Increased response levels to surveys
Tweaks to definitions
New institutions added to study

A ranking is a complex operation and the data available has evolved over time, as has our understanding of it. As we receive feedback and additional metrics become available the responsible thing to do is to integrate new developments with a view to improving the evaluation, making it more meaningful and insightful. The effects of these developments are vivible and reasonalby well-documented  – on our website www.topuniversities.com you can find results going back to 2005.

Recently we have been doing some work on a communication project for a British university. Their leadership is concerned about the conclusions their governing body may infer from the results of rankings and have asked us to make a presentation to explain, in simple terms, some of the shortfalls of rankings and what a change in position might actually mean. In conducting this work, not only did we discover that the two major domestic rankings in the UK are subject to similarly profound “evolutions” in methodology, but that they also seem to be comparatively unforthcoming with their historical results.
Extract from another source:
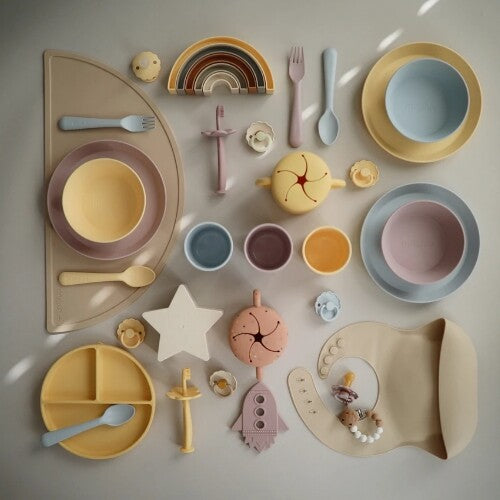 Een bovenaanzicht van een uitgebreide collectie mushie baby- en peuterproducten, waaronder servies, slabbetjes en speelgoed.
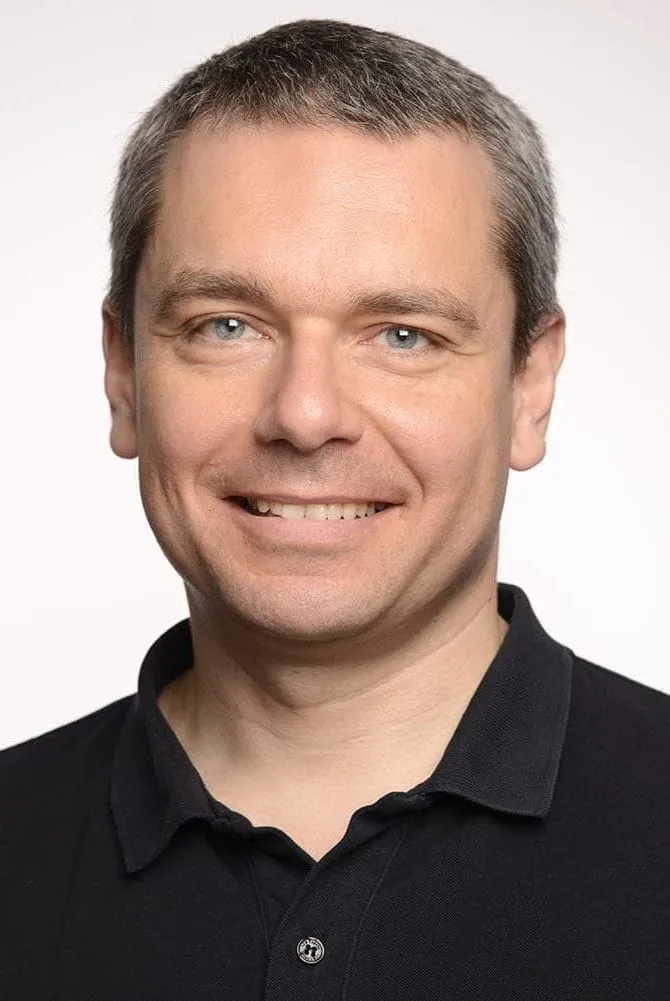 Photo of a middle aged man smiling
On the first point, the introduction and further development of the National Student Survey has had a dramatic influence on results in 2008 and 2009. On the second, the only way we were able to track results over more than the last two editions was to purchase second hand copies of the associated books from Amazon and re-key all the results manually. Similalry the US News rankings seems not to clearly reveal results before the current year. In contrast, both the THE-QS and Shanghai Jiao Tong rankings provide results over a number of years.

Whilst, given the ongoing changes in methodology , it might be misleading to conduct detailed trend analysis over time, the Berlin Principles suggest that transparency is a key expectation for a responsibly conducted rankings. Surely that should include the complete history of a ranking and not simply the most recent edition.